Parece evidente que la presencia
de la palabra en un bote o lata presente en las grandes superficies, máxime si
se decoran con gomitas o mantelitos a cuadros, es un factor que anima a la
compra, más allá del posible sobrecoste. Que vende, especialmente si se alía
con la añoranza de la comida “de pueblo”, casera o familiar. ¡Cómo si no
hubiera pueblos, casas o familias donde se come de pena!
Al escapar de los mentados
productos artesanos-industriales, sí podemos encontrarnos con productos
auténticamente artesanos, que para eso están definidos por la normativa. Que
son una mínima parte de los que llegan al mercado. En general, elaborados en
pequeñas explotaciones, con limitada capacidad de producción y a cargo de los
propietarios; de ahí, normalmente, se deduce mimo por su trabajo, predilección
por las mejores materias primas, así como cuidados procesos de trabajo.
Pero todo lo anterior no implica
que el resultado sea satisfactorio.
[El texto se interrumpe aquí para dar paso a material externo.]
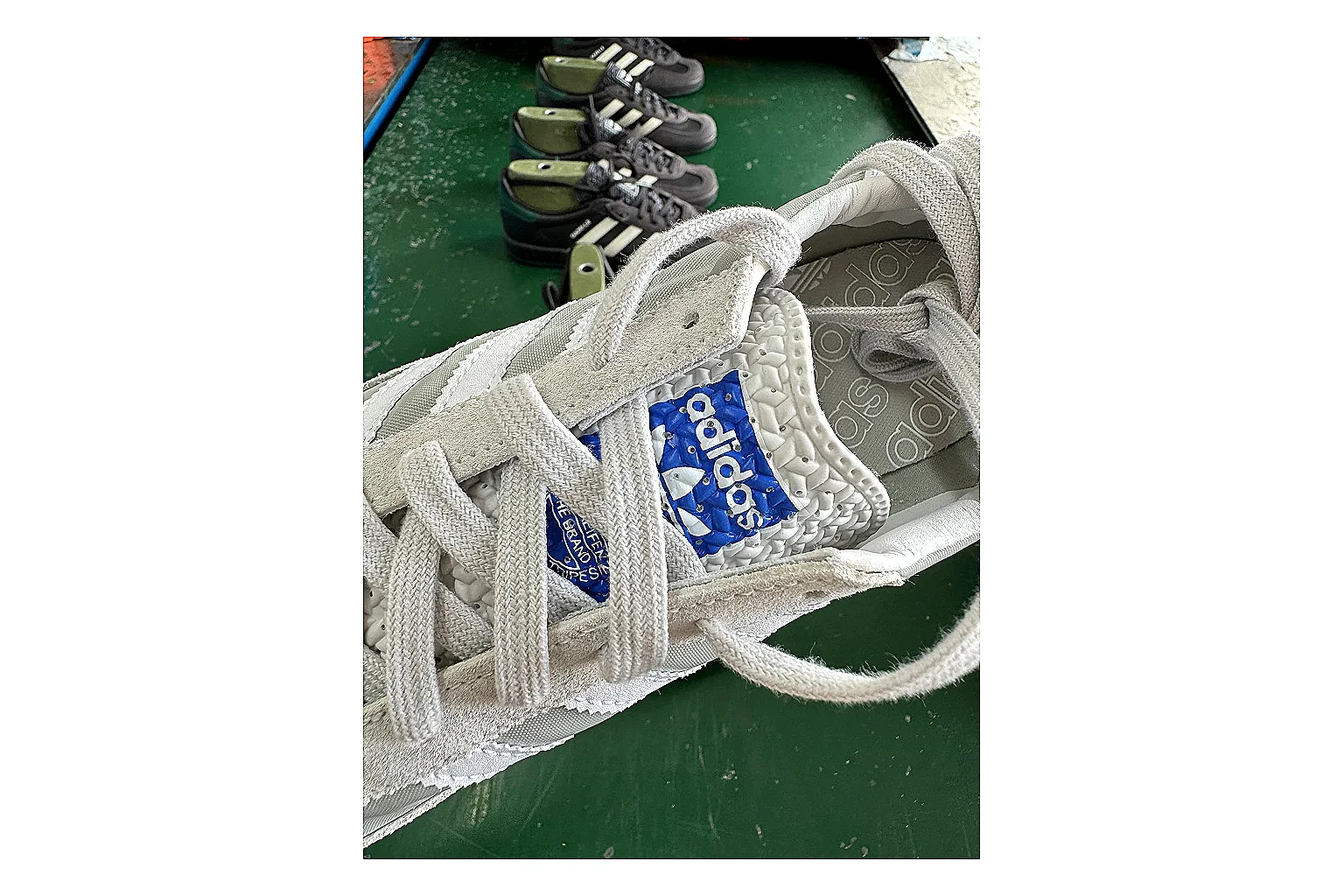 Adidas SL 72 RS White Grey Sheetbase record image with white grey sl 72 rs retro runner with mixed upper and runner shape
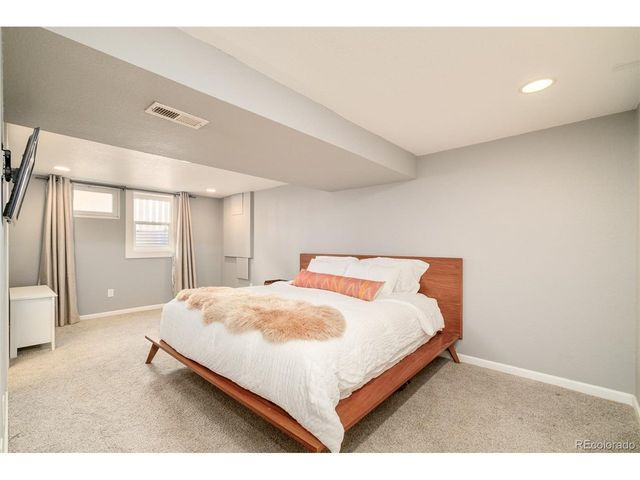 4559 Irving St, Denver, CO 80211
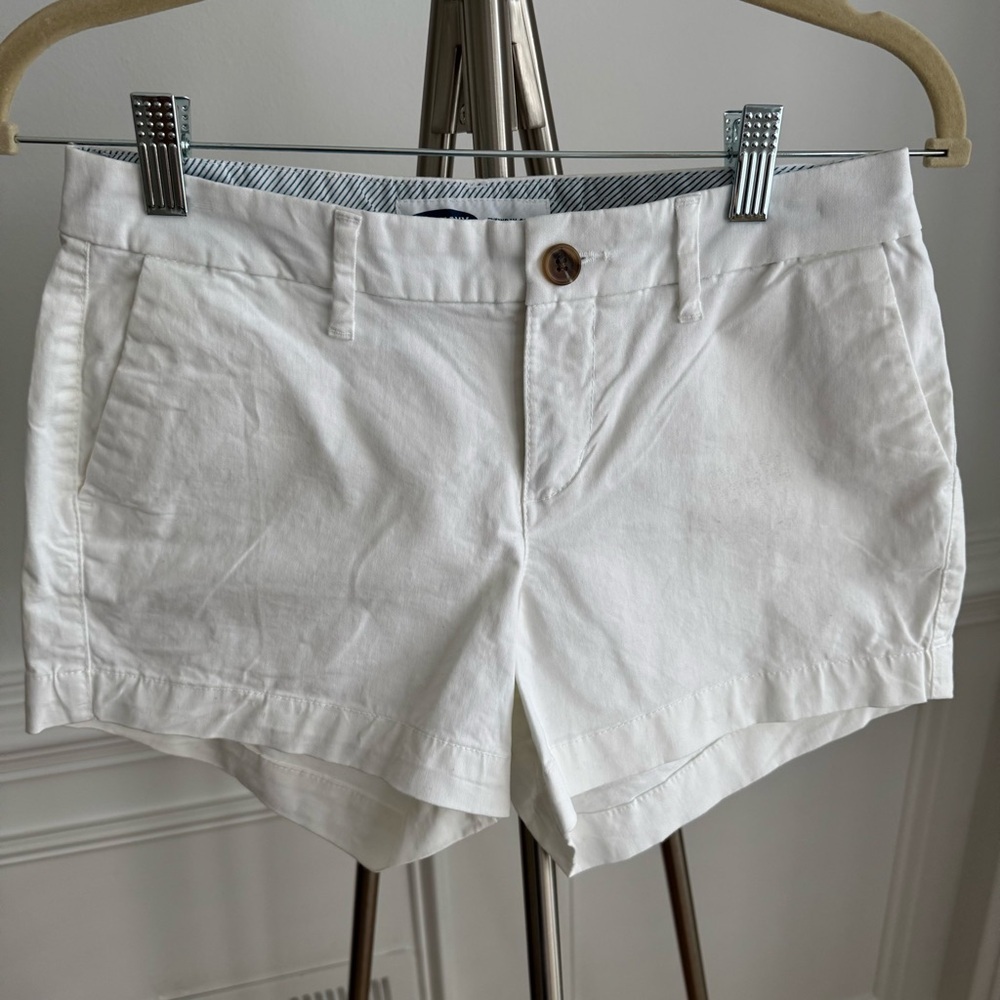 Old Navy Women's NWOT White Casual Chino Shorts size 0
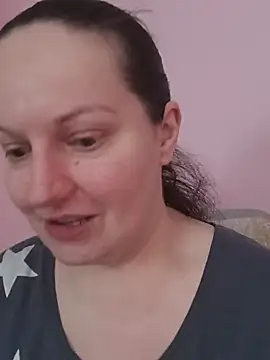 Snapshot of BustyLadyAlma chatting on June 20, 6:29 am BustyLadyAlma online show from June 20, 6:29 am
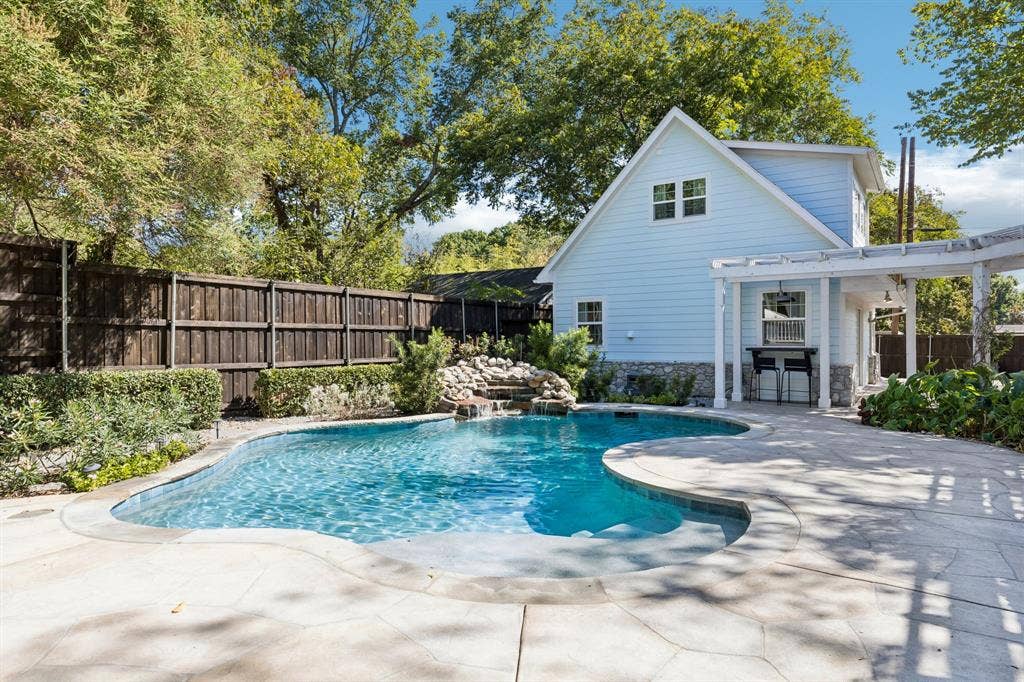 414 N Waddill Street, McKinney, TX 75069 414 N Waddill Street, McKinney, TX 75069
Basta recordar el vino que hace el cuñao en
los ratos libres, el paté de la tía del pueblo o las mermeladas de la abuela. A
veces buenas, a veces funestas.
Quiérese decir aquí que, como
normal general, mejor lo artesano, pero que sea bueno, dentro de su
variabilidad. Pues también existen consumidores que prefieren salchichas,
cervezas o panes siempre iguales a sí mismos; y tienen derecho a ello.
El resto, los curiosos y amantes
de lo local, nos decantamos por esa variabilidad –humana, animal y vegetal−,
siempre dentro de la calidad, que enriquece la vida, y no sólo gastronómica.